No one knows how to do scale better than Miller. Margaret Sixel and Eliot Knapman ’s editing is breathtakingly seamless—quickly building both rapport between characters and gnarly deaths with equal tenacity—to the point that DP Simon Duggan ’s eloquent photography of these desolate death valleys, matched by composer Tom Holkenborg deafeningly propulsive score, wholly immerses you in way that isn’t needlessly showing. Each large set piece feels necessary, aware of space and story, and brimming with a camera that takes delight in knowing exactly what kill shot or angle of the many battles we want to take in as it swoops between lunging bodies, massive infernos, monster trucks, big rigs, and over sand dunes. 

Much will be written about “Furiosa” on a thematic level, such as how it subverts the Biblical apple scene for a well-earned ending or how it speaks of our present environmental, militaristic, and regressive political reality—particularly why we go to war and the fecklessness of the leaders who take us there. But this is also just a big, entertaining popcorn movie, told with a sense of adventure and play. Miller isn’t here for tawdry melodrama, algorithmic plotting, or art designed for the small screen. “Furiosa” aims to blow you away. And it does. To Valhalla and beyond. 

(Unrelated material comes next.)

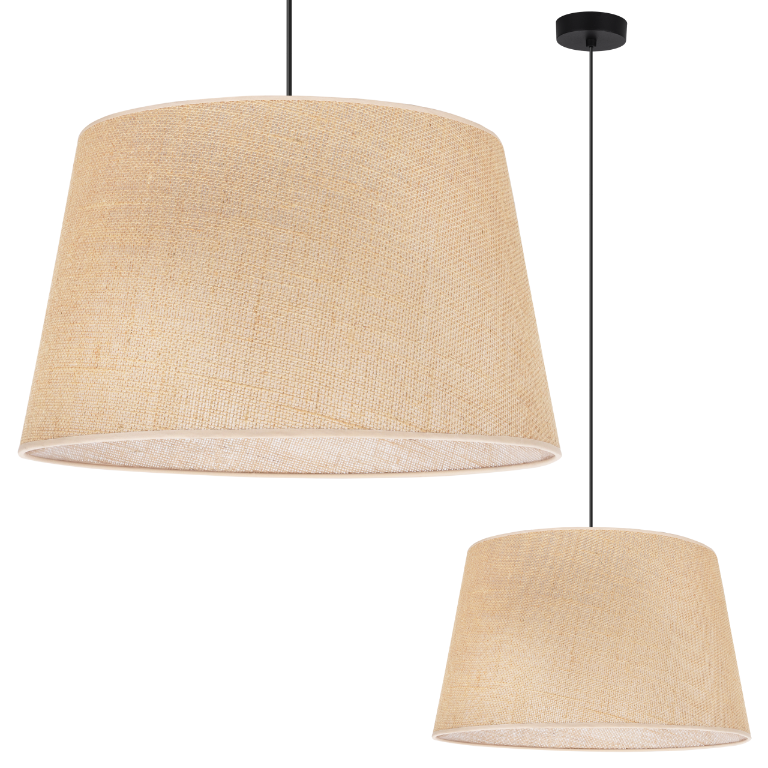 Lampa sufitowa wisząca Juta czarna boho 1xE27 abażur okrągły stożek 44cm beżowy Light Home LH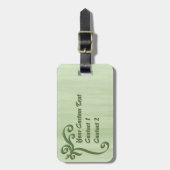 Green Scroll mit eigenem Text mit Goldakzent Gepäckanhänger (Vorderseite vertikal)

This review was filed from the premiere at the Cannes Film Festival. It opens on May 24th.

Robert Daniels

Robert Daniels

Robert Daniels is an Associate Editor at RogerEbert.com. Based in Chicago, he is a member of the Chicago Film Critics Association (CFCA) and Critics Choice Association (CCA) and regularly contributes to the  New York Times ,  IndieWire , and  Screen Daily . He has covered film festivals ranging from Cannes to Sundance to Toronto. He has also written for the Criterion Collection, the  Los Angeles Times , and  Rolling Stone  about Black American pop culture and issues of representation.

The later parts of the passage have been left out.